The price of the Kadena Token plunged over 47% after the company behind it announced an immediate shutdown. The company stated it would end all business operations and maintenance related to the Kadena blockchain. Despite the shutdown, the decentralized Kadena blockchain will continue operating through independent miners.
Company Ceases Operations After Market Decline
Kadena’s organization confirmed on X that it will stop business activity and blockchain maintenance with immediate effect. The team cited harsh market conditions and said it can no longer support or promote the Kadena blockchain. “We are no longer able to continue business operations,” the company posted on X.
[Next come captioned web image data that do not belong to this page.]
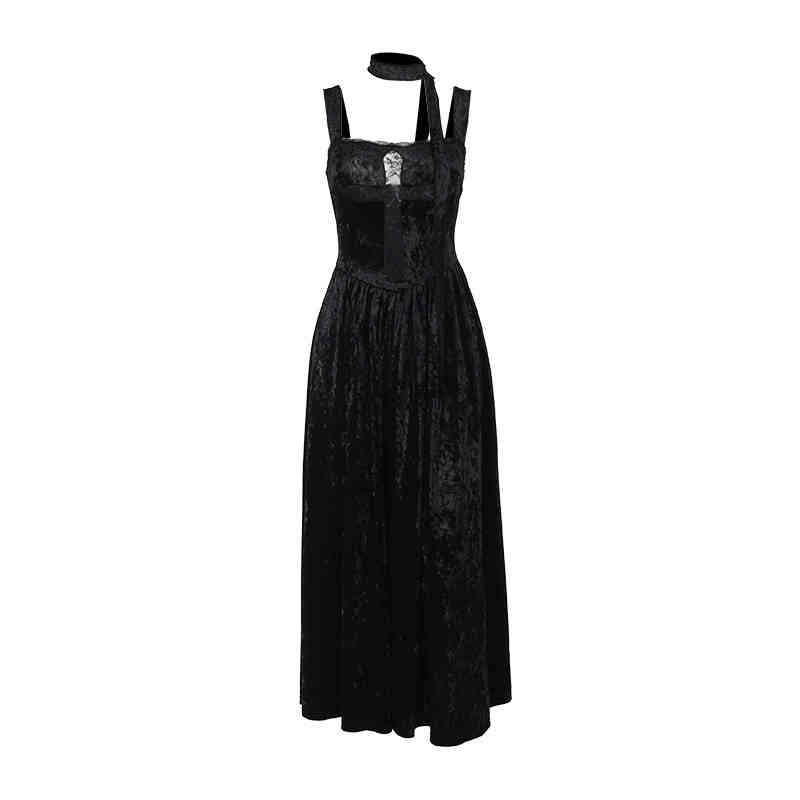 Goth Cross velvet Dark Coquette Dress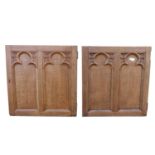 Two 19th C. hand carved oak panels.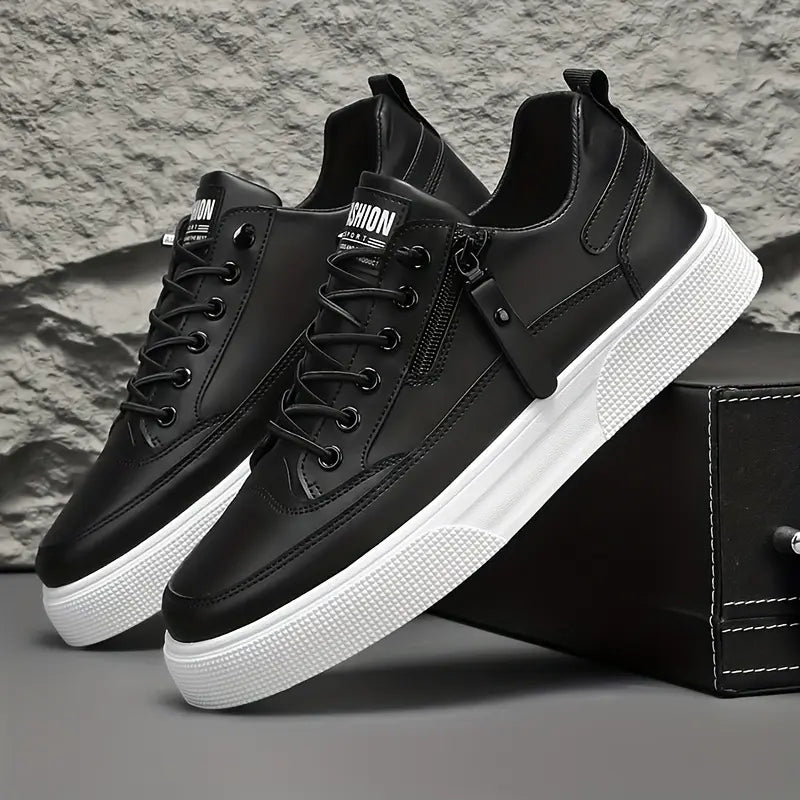 Kester - Men's Side-Zip Lace-Up Leather Sneakers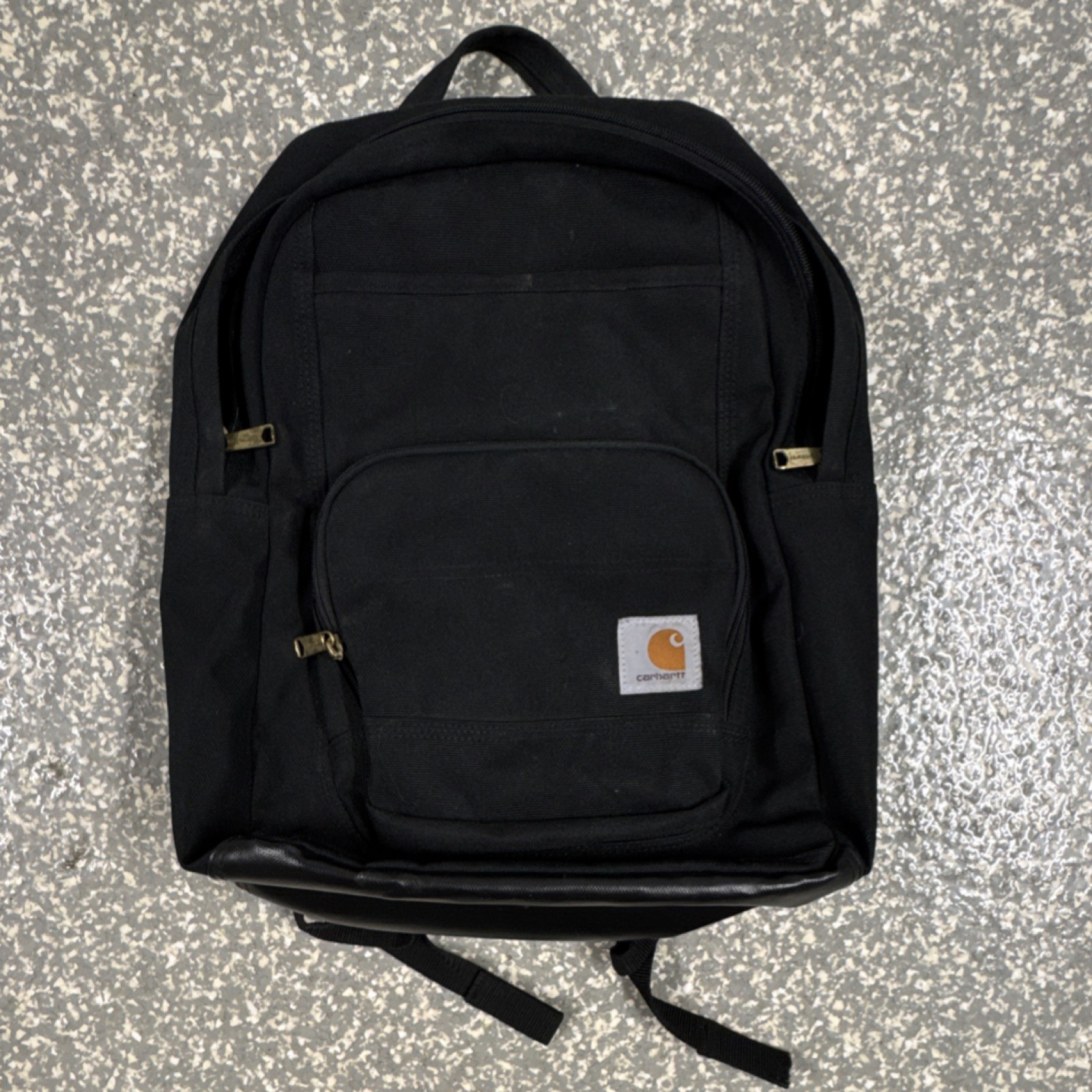 Carhartt Black Hiking Work Backpack Padded Adjustable Straps Zipper Pockets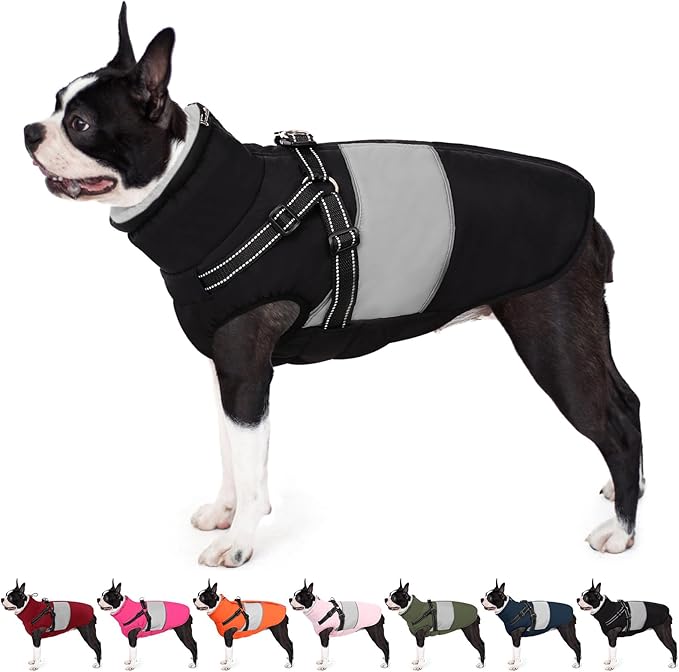 AOFITEE Dog Coat, Waterproof Dog Jacket Winter, Dogs Coat with Harness Built in, Warm Dogs Puffer Jacket with Zipper, Reflective Pet Snowsuit Sweater for Dachshund, French Bulldog, Boston Terrier, M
Despite the closure, the Kadena Token will still operate on-chain through decentralized infrastructure. Independent miners and developers maintain the proof-of-work network and its smart contracts. Kadena’s team emphasized it does not own or operate the decentralized blockchain.
The company said it would soon release a binary for node operators to ensure continued functionality without its involvement. It also urged node operators to upgrade quickly. This will ensure the Kadena blockchain remains functional independently, even after the company exits.
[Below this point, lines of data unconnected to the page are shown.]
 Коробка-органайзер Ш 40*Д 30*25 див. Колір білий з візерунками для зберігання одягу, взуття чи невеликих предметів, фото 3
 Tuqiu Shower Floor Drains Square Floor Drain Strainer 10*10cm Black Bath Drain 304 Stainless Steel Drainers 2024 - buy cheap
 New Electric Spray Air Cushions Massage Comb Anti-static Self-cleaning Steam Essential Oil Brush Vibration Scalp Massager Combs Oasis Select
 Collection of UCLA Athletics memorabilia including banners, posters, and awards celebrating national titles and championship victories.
Kadena Token Drops Sharply in Market Reaction
The Kadena Token price fell to $0.121, down more than 47% following the announcement. According to CoinGecko, the Kadena Token is now over 99% below its 2021 peak of $27.64. The token’s decline reflects a decline in market confidence and lower trading volume.
Currently, the Kadena Token sees just $48 million in 24-hour trading activity, far behind major coins. Bitcoin’s daily trading exceeds $95 billion, while Ethereum handles over $42 billion. Kadena Token’s low volume highlights its declining market position in the cryptocurrency sector.
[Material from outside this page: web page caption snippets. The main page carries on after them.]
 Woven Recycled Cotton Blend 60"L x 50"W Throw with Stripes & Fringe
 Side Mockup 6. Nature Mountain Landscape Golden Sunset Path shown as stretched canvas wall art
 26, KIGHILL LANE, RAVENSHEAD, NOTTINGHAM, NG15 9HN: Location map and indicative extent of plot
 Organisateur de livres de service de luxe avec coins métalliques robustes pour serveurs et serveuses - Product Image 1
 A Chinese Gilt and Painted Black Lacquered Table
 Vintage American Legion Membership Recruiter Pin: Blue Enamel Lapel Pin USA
The sharp drop followed news that all corporate operations linked to the Kadena Token will cease. Market participants reacted swiftly to the development, triggering a steep selloff. This marks one of the steepest single-day drops in the Kadena Token’s history.
Blockchain to Remain Live Despite Closure
The Kadena blockchain will remain online, supported by global miners and protocol maintainers. The network employs a proof-of-work model similar to those used by Bitcoin and Dogecoin. Kadena’s founders claimed this setup ensures decentralization and continued operation.
In 2022, Kadena launched a $100 million grant for Web3 developers to build on its platform. However, that initiative failed to maintain momentum. The Kadena Token could not gain significant adoption or trading traction in competitive markets.
Kadena was started by two former JP Morgan blockchain developers, Stuart Popejoy and William Martino. They launched the mainnet in January 2020. The project once aimed to rival Bitcoin and offer businesses a trusted blockchain solution.
The post Kadena Ceases Operations, Token Drops Over 47% Amid Market Shock appeared first on Blockonomi.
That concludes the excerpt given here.